FIG. 2 shows a second embodiment of the present invention, and the same parts as those in FIG. 1 are designated by the same reference numerals.

In this embodiment, the resistance-divided voltage created by the resistors R ₅ and R ₆ is used to prevent the base-emitter reverse bias of the transistor Q ₁ , and a constant voltage V ₁ is created by the resistor R ₅ and the Zener diode CR ₂ . This is applied to the emitter of the transistor Q ₁ . The Zener voltage V ₁ of the Zener diode CR ₂ is set to such a value that the base-emitter bias of the transistor Q ₁ is within an allowable range and does not significantly affect the time constant circuit (that is, a value close to the power supply voltage V _DD ).

Also in this circuit, the same operation and effect as those of the circuit in FIG. 1 can be obtained.

〔The invention's effect〕

As described above, the present invention connects a transistor that is turned on at the time of inputting a forced reset signal or turning off the power supply to a time constant circuit, short-circuits the capacitor by the turning-on operation, and discharges the charge of the capacitor at high speed.
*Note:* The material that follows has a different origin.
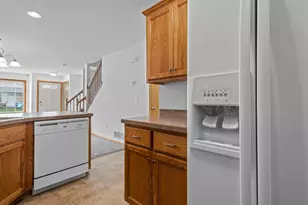 301 Roosevelt St S, Cambridge, MN 55008 - Photo 10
Since the constant circuit is reset, there is an effect that the time constant circuit operates normally even when the power supply is interrupted.

Further, in the present invention, by connecting a resistor to the emitter of the transistor between the power supply and the ground, the reverse bias between the base and the emitter of the transistor when the capacitor is less charged and the voltage of the time constant output terminal is low is provided. It is possible to prevent the transistor from being damaged.

Further, in the present invention, by connecting a resistor having a lower resistance than the resistor connected between the emitter and the power supply between the collector of the transistor and the ground, the discharge current of the capacitor is suppressed to the standard value of the transistor or less. However, it is possible to prevent characteristic deterioration and damage of the transistor.

[Brief description of drawings]

FIG. 1 is a circuit diagram of the first embodiment of the present invention, and FIG. 2 is a circuit diagram of the second embodiment of the present invention. 1 …… Forced reset input terminal, 2 …… Time constant output terminal,
Q ₁ ...... Transistor, CR ₁ ...... Diode, CR ₂ ...... Zener diode, R ₁ ...... Input resistance, R ₂ , R ₃ , R ₅ ,, R ₆ ...... Bias resistance, R ₄ ...... Discharge resistance , R ₇ …… Time constant resistance, C ₁ …… Time constant resistance.

Claims (1)

[Claims] 1. A base is connected to a forced reset input terminal, and first and second voltage dividing resistors for dividing a voltage of a power supply are connected between the base and a power supply and ground, respectively, and a diode is connected to an emitter. A time constant output terminal is connected via a resistor, and a resistor and a capacitor for setting the time constant each include a transistor connected between the time constant output terminal and a power source or ground. In a time constant circuit configured to be turned on at the time of input or power off to short-circuit the capacitor, third and fourth voltage dividing resistors for dividing the voltage of the power source are respectively provided at the emitters of the transistors. A resistor is connected between the emitter and the power supply and ground, and the collector of the transistor is connected to the ground. The time constant circuit is connected resistors, characterized in that it is set to lower resistance than the resistor, and voltage dividing resistors of the fourth for the time constant set to.